Everything below from the line with "ICI 169369 85273-95-6" through the line with "Car Power 18" must be retyped exactly, except the pictures.

*Provided data*:
_ _ _ _ _

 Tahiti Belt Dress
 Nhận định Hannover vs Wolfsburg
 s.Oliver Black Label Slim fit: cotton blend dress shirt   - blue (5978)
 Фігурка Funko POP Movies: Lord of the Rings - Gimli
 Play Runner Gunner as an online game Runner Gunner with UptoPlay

_ _ _ _ _

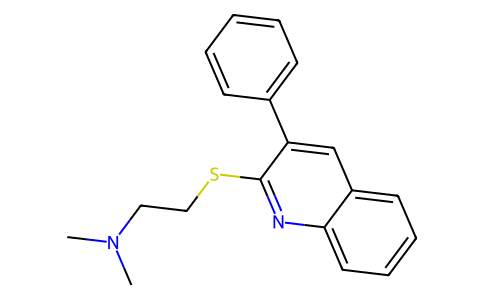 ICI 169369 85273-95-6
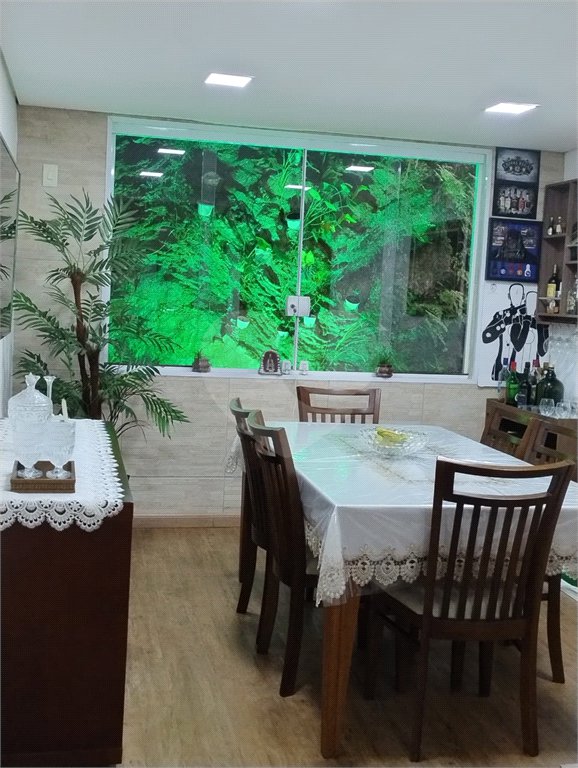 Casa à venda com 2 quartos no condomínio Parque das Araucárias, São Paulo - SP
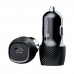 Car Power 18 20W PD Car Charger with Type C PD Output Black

_ _ _ _ _

*Problem solution*:
 ICI 169369 85273-95-6
 Casa à venda com 2 quartos no condomínio Parque das Araucárias, São Paulo - SP
 Car Power 18 20W PD Car Charger with Type C PD Output Black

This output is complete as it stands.